- Joined
- Nov 4, 2017
Since we're talking about lethality, anyone here ever run a high-lethality 5e game? I know the system really doesn't want you to do it, but one of the guys in my group has been toying with the idea.
So, how would you do it? Also, when someone inevitably bites the bullet, how do you get them back into the game? Take over a follower? Start with a 1-level below character? My GM likes doing the latter and it works fine for us. The way XP requirements scale, someone below the curve will catch up pretty quickly.

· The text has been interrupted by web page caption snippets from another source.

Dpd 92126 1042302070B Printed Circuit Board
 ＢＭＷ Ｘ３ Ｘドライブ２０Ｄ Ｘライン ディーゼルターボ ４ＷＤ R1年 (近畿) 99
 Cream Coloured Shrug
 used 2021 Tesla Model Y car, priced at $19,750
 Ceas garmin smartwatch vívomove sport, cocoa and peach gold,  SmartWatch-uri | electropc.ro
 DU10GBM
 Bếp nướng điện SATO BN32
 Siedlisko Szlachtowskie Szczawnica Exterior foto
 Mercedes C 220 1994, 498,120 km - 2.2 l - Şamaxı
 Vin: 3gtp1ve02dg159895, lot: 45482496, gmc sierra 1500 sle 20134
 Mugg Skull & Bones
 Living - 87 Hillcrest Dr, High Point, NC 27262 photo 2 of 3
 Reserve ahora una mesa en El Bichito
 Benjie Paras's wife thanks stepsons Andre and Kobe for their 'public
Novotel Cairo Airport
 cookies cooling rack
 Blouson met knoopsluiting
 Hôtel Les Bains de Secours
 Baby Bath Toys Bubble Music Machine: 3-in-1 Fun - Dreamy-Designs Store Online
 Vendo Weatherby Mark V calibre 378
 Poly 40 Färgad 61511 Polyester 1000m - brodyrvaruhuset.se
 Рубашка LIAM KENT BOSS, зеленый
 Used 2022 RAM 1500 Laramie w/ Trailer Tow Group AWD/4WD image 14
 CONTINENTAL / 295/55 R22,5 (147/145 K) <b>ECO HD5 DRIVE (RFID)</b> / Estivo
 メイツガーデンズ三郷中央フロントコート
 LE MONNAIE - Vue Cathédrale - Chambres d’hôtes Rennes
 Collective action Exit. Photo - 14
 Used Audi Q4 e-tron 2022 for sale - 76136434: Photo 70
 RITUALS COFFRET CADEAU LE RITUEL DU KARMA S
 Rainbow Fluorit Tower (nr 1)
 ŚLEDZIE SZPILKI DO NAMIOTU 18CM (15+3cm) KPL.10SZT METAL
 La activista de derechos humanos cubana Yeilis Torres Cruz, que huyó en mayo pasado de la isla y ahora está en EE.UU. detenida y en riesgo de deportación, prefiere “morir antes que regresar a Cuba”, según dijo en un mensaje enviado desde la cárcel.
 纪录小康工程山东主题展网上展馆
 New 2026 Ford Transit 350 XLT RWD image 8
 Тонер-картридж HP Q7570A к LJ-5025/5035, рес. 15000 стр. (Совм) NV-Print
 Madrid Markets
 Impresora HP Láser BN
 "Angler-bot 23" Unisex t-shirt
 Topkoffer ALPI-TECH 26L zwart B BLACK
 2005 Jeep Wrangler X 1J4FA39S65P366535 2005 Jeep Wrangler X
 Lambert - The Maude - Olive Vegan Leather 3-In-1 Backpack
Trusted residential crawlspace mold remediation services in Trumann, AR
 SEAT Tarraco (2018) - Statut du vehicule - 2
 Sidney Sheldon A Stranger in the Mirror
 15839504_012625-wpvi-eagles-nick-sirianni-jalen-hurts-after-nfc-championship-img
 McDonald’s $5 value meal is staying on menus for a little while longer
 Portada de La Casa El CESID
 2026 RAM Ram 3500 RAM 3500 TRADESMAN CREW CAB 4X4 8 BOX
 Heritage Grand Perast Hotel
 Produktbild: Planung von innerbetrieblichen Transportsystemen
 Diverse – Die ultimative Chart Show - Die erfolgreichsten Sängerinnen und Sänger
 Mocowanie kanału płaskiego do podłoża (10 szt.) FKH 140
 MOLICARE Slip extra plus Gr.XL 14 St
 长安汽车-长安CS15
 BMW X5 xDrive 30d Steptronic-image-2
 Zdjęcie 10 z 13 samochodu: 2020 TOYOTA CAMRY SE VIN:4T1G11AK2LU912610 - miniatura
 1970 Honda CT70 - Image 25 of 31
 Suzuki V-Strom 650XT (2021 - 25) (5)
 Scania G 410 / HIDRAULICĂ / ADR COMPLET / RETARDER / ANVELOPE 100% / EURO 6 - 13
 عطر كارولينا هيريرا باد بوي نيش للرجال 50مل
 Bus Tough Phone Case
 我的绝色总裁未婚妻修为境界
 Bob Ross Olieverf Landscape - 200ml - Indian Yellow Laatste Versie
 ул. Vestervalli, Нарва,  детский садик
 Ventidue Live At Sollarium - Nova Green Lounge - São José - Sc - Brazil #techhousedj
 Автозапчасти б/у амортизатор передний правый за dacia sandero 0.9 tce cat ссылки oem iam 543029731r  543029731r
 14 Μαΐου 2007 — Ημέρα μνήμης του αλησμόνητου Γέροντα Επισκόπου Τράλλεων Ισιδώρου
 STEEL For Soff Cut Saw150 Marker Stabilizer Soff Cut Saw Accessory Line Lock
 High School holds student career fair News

From what I've experienced of 5e, it doesn't really work as a lethal system without a fair bit of retooling on of characters and classes - i.e. what Five Torches Deep did. Player characters are just not expected to die. Player have such a depth of tricks they can access that either you have to cheap-shot them or send them through an unforgiving gauntlet that slowly wears them down and generally makes their death feel forced. Its not like an old school crawl where the dice fuck you once and its over - oh well, could have gone the other way, new character. Death in 5e is only done by either said cheapshot or a long chain of bad decisions that tend to engender frustration that is vented at the rest of the table. Granted that might also be the player base.
Plus, and maybe its just my lack of experience with the system, characters don't build particularly fast.
So if I was doing it I'd want to rewrite the races & characters. Make them faster to play, lower HP, probably add damage.
On getting players back into the game, it depends.
For OSE one-shots, I either have them take over a hireling or if there are no hirelings, the party encounters a "castaway" - someone stuck in the place they are for a while, half-starved, maybe a little mad, but competent. Or maybe a survivor from another party.
For megadungeons, usually there is a town and the town will have a tavern for recruiting hirelings. Stands to reason a new adventurer will wander in.
Haven't gotten to do an OSE campaign yet, but for 3.x if the party didn't want to try to rez them, usually bring in someone about their level but with low quality gear.
For 4e, I would just stare at the party until they remember that its 4e and characters aren't supposed to die to anything less than a supernova and the player decides if he wants to play another character or not.
(specifically for 4e, I always give players a finite pool of D6s as divine rewards that can be spend to: Gain an Action point, immediate heal 1d6 HP, add 1d6 to any d20 roll, add 1d6 to damage, etc. So rolling a new character costs one of these)
5e... I've only run one shots and mini-megadungeons, so when I had someone die it was pretty much over so I let them have tactical control of the monsters.
Sorry, should have clarified. [ .. ] 5e
Pointbuy or array and be done with it.